**Task goal**: The answer must be an exact transcription of every record.

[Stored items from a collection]
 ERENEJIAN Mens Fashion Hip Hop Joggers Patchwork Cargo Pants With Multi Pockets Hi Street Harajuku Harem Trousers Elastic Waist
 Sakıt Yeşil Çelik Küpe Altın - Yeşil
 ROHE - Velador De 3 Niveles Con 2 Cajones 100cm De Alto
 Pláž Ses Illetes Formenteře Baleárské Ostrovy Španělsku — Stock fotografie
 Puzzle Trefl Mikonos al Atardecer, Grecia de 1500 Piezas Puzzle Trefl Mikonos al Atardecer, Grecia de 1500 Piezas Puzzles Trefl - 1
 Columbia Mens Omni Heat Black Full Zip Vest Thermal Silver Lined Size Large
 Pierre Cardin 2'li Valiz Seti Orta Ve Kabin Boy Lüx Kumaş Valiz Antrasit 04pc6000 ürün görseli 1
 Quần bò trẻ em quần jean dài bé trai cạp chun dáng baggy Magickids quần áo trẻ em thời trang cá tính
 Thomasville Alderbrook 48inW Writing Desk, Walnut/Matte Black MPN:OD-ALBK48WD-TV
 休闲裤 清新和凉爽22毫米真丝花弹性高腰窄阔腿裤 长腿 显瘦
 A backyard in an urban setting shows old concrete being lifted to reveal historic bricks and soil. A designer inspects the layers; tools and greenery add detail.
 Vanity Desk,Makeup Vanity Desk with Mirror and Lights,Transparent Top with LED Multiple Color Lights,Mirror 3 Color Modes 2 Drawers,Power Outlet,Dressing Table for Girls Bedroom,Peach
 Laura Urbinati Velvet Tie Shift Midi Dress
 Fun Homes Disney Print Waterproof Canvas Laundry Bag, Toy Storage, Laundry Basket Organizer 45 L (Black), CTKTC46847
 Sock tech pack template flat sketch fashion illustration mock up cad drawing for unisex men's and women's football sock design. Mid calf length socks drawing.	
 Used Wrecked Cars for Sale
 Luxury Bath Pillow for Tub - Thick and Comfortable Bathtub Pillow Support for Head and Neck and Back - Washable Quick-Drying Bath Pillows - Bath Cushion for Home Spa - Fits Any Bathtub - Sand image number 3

**Your response**:
 ERENEJIAN Mens Fashion Hip Hop Joggers Patchwork Cargo Pants With Multi Pockets Hi Street Harajuku Harem Trousers Elastic Waist
 Sakıt Yeşil Çelik Küpe Altın - Yeşil
 ROHE - Velador De 3 Niveles Con 2 Cajones 100cm De Alto
 Pláž Ses Illetes Formenteře Baleárské Ostrovy Španělsku — Stock fotografie
 Puzzle Trefl Mikonos al Atardecer, Grecia de 1500 Piezas Puzzle Trefl Mikonos al Atardecer, Grecia de 1500 Piezas Puzzles Trefl - 1
 Columbia Mens Omni Heat Black Full Zip Vest Thermal Silver Lined Size Large
 Pierre Cardin 2'li Valiz Seti Orta Ve Kabin Boy Lüx Kumaş Valiz Antrasit 04pc6000 ürün görseli 1
 Quần bò trẻ em quần jean dài bé trai cạp chun dáng baggy Magickids quần áo trẻ em thời trang cá tính
 Thomasville Alderbrook 48inW Writing Desk, Walnut/Matte Black MPN:OD-ALBK48WD-TV
 休闲裤 清新和凉爽22毫米真丝花弹性高腰窄阔腿裤 长腿 显瘦
 A backyard in an urban setting shows old concrete being lifted to reveal historic bricks and soil. A designer inspects the layers; tools and greenery add detail.
 Vanity Desk,Makeup Vanity Desk with Mirror and Lights,Transparent Top with LED Multiple Color Lights,Mirror 3 Color Modes 2 Drawers,Power Outlet,Dressing Table for Girls Bedroom,Peach
 Laura Urbinati Velvet Tie Shift Midi Dress
 Fun Homes Disney Print Waterproof Canvas Laundry Bag, Toy Storage, Laundry Basket Organizer 45 L (Black), CTKTC46847
 Sock tech pack template flat sketch fashion illustration mock up cad drawing for unisex men's and women's football sock design. Mid calf length socks drawing.	
 Used Wrecked Cars for Sale
 Luxury Bath Pillow for Tub - Thick and Comfortable Bathtub Pillow Support for Head and Neck and Back - Washable Quick-Drying Bath Pillows - Bath Cushion for Home Spa - Fits Any Bathtub - Sand image number 3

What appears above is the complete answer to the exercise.